Major UK asset owners are planning to vote against the reappointment of oil and gas company BP’s chair over concerns about recent climate and governance-related actions.
Railpen, one of the biggest pension funds in the country, and the Local Authority Pension Fund Forum (LAPFF) have both signalled their intention to vote against the reappointment of Albert Manifold at BP’s annual general meeting on 23 April.

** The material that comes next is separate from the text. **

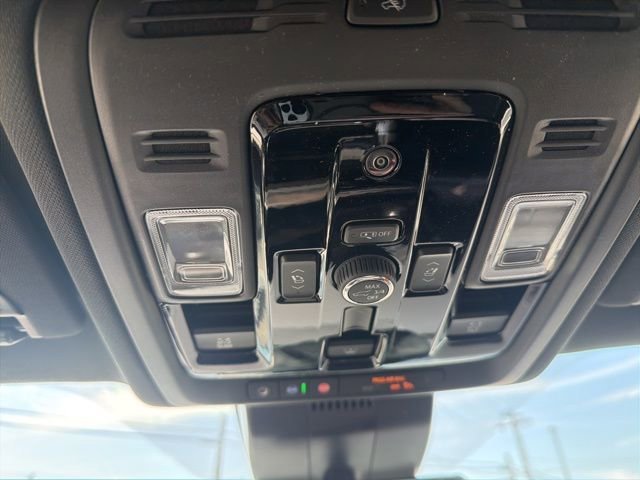 2026 Chevrolet Suburban Premier - Photo 29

Proxy voting and research firm Glass Lewis has also recommended that shareholders vote against Manifold’s reappointment next week, and Legal & General, one of BP’s biggest shareholders, has indicated that it will also oppose him.
LAPFF – which represents 87 Local Government Pension Schemes (LGPS) with £425bn in assets between them – has publicly objected to proposals from BP to allow virtual-only AGMs, as well as plans to revoke previous shareholder-led climate disclosure resolutions passed in 2015 and 2019 (see below).
It also criticised the exclusion of a shareholder proposal from Dutch campaign group Follow This.
Councillor Doug McMurdo, chair of LAPFF, said: “At a time when the physical repercussions of failing to address planetary heating hit home, expanding high-cost fossil fuel investment without clear evidence of discipline or competitiveness is a material risk to long-term savers.
“BP appears to be dismantling climate accountability at precisely the moment when transition risks are accelerating. This is not responsible stewardship of a systemically important energy company.”
Doug McMurdo, LAPFF
“Robust corporate governance underpins a credible climate transition, translating ambition into action. We will not accept roll-backs on climate plans, which drive escalating emissions and the potential for long-term value destruction. It is the responsibility of company chairs to ensure clear, consistent leadership that embeds climate resilience across the business for long-term stakeholder value.
“BP appears to be dismantling climate accountability at precisely the moment when transition risks are accelerating. This is not responsible stewardship of a systemically important energy company.”
Railpen seeks shareholder rights protections

Meanwhile, Railpen has made a rare pre-declaration of its voting intention in a statement released this week, which echoed the LAPFF’s concerns.
The £34bn pension fund criticised the BP board’s proposal to allow it to host online-only AGMs, which the pension fund said would “further limit opportunities for meaningful shareholder engagement”. It also said BP had given “limited clarity” on shareholder safeguards, adding that the parameters so far set out by the oil giant were “insufficient to ensure genuine engagement and that shareholders are truly heard”.
“Against this backdrop, Railpen is pre‑declaring its vote against the chair to reinforce our expectations around effective governance, transparency and the protection of important shareholder rights,” the pension fund stated.
On its website, BP has urged shareholders to support Manifold’s reelection, citing his “long track record of significant value creation as well as extensive experience in embedding decarbonisation and circularity standards into company strategy”.
Manifold has also “consistently championed strong governance at BP, entering into an extensive and ongoing dialogue with our largest shareholders since joining the board”, the company added.
Dutch group’s battle gets institutional backing
Follow This, a Netherlands-based group that lobbies for climate-focused resolutions at major oil companies, filed one such measure for inclusion at the BP AGM. This requested the disclosure of climate-related matters that were “material to any assessment of BP’s strategy, resilience, and long-term value”, according to a letter from Follow This to the BP board sent earlier this month.
The Falkirk, Lothian and West Yorkshire LGPS funds have all publicly supported Follow This over the matter, alongside several other institutional investors.

LAPFF and Railpen have strongly criticised BP over the exclusion. Railpen said it “represents a material governance concern”. The organisation added: “As a high-profile company, BP’s actions also have broader market implications, with the normalisation of such exclusions risking a weakening of shareholder democracy standards and contributing to a more litigious engagement environment.”
Both Railpen and LAPFF have stated their intention to vote against resolution 23 at the upcoming AGM, which would scrap two climate reporting measures agreed at previous shareholder meetings.
In a letter to shareholders, Manifold said the “retirement” of the two measures was due to them being “largely superseded” by subsequent mandatory disclosure requirements. He added that duplicating reporting measures would “reduce the clarity and usefulness of our reporting”.
Manifold also pointed out that BP had been reporting in line with the Task Force on Climate-related Financial Disclosures since 2021, as well as complying with the Climate-related Financial Disclosure Regulations since 2023 – although Railpen said these requirements “do not fully reflect the intent or scope of the original shareholder mandates” that the board wants to scrap.